This is one of my favorite quotes. It is not about making memories it is about having fun and laughing and when we look back those will be the memories. I am in a bit of a strange place right now. This is not a recipe post. This is about me post. Life has a way of sneaking into our writings even when we try to keep it separate but I feel I need to step aside for a moment and write about life.
Three or so years ago my father was having an MRI on his spine when they “accidentally” found a spot on his liver. It was small but they found Liver Cancer. It was totally by accident and they said when they find primary liver cancer this is usually how it is found, by accident. My father has been watching it for three years. He will be 80 years old this year. That used to sound so old to me. Now, not so much. You always think someone dies later in life that they lived a long great life and that is good. But, the truth is you are never ready to let go. There is so much more I want him to see and do. I just found out he always wanted to go to Alaska. He even talked about moving there when he and my mom first got together. I never knew this. I wish I had known before now.

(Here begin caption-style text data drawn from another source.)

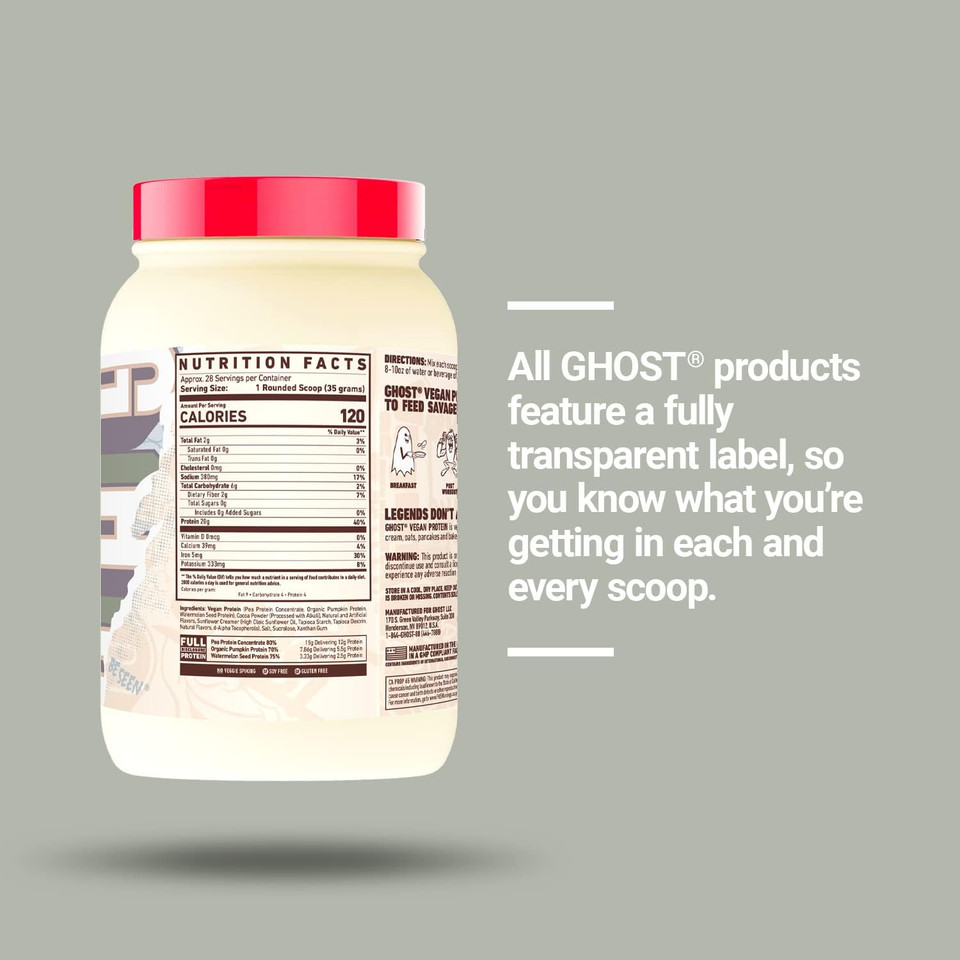 Ghost Vegan Protein Powder, Banana Pancake Batter - 2Lb, 20G Of Protein - Plant-Based Pea & Organic Pumpkin Protein - ­Post Workout & Nutrition Shakes, Smoothies, & Baking - Soy & Gluten-Free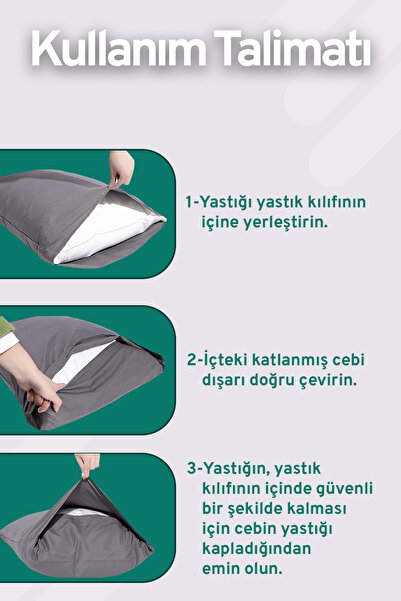 Eve Tekstil 2Pcs Ranforce Plain Cotton Antibacterial Washable Luxury Pillowcases 50X70Cm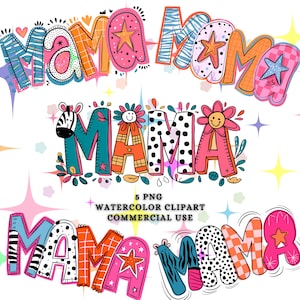 Paquete de imágenes prediseñadas de mamá, colorido, cuadros, estampado de cebra, lunares dálmatas, letras a mano, día de la madre, archivo digital, DTF, imágenes prediseñadas de sublimación de mamá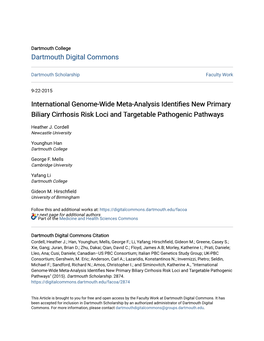 International Genome-Wide Meta-Analysis Identifies New Primary Biliary Cirrhosis Risk Loci and Targetable Pathogenic Pathways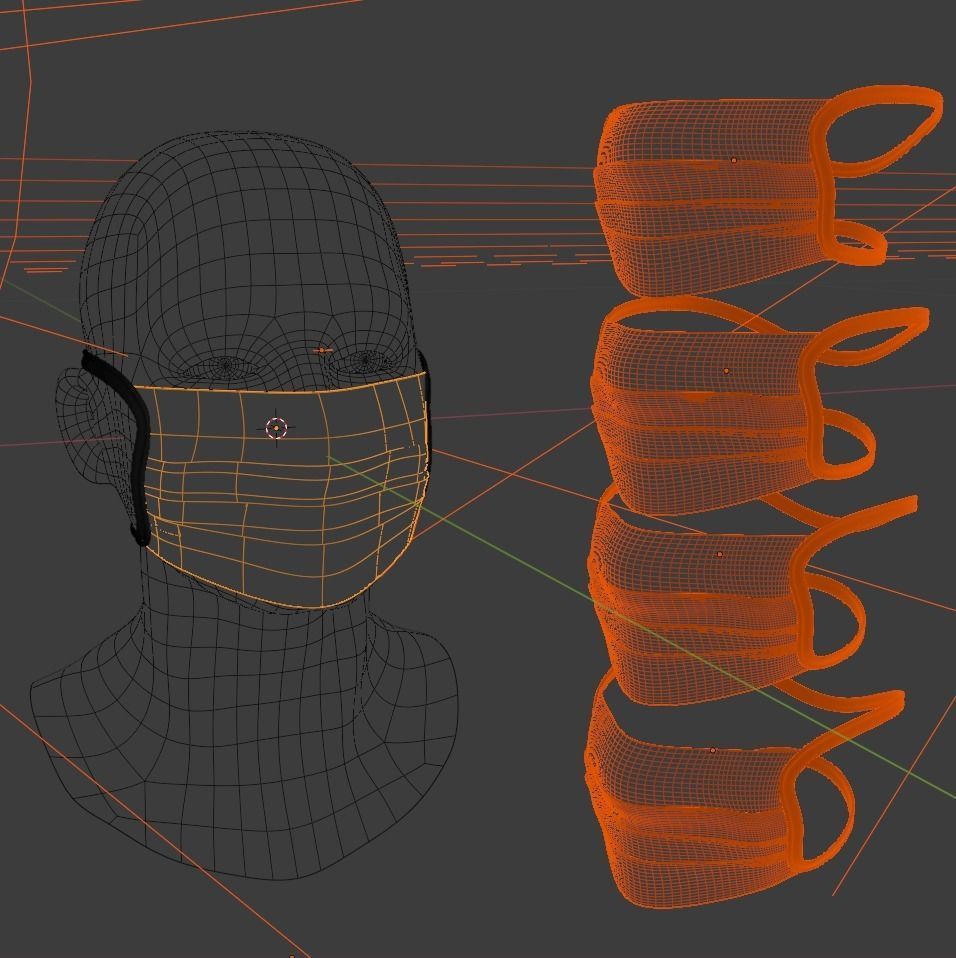 Custom Medical Antiviral Mockup Model Mask - 3D Model - Blender Low-poly 3D model_10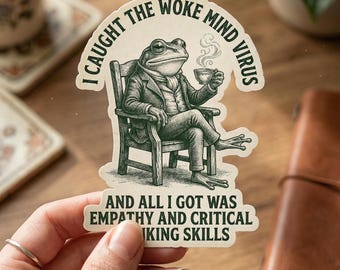 Funny Woke Mind Virus Car Magnet/Bumper Sticker, Retro Empathy Frog, Liberal Leftist Social Justice Critical Thinking Skills,Anti Trump MAGA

I wish I could take him to Alaska or at least home with me. He is housebound now. Even taking him out in a wheelchair puts him in too much pain. I don’t want to see him hurt anymore but I also don’t want to let him go.
But, he has decided to stop all treatments. it is his choice and my mother is okay with it as she can be. She has been with him as his sole caretaker for the past several years. She is tired and it is hard on her too. We will be heading to see them soon to talk about where we see things going and what plans we need to make. I know so many have been through this before me. I always thought this is almost 2020 why haven’t we worked out the best way to help our family and friends at this time of life?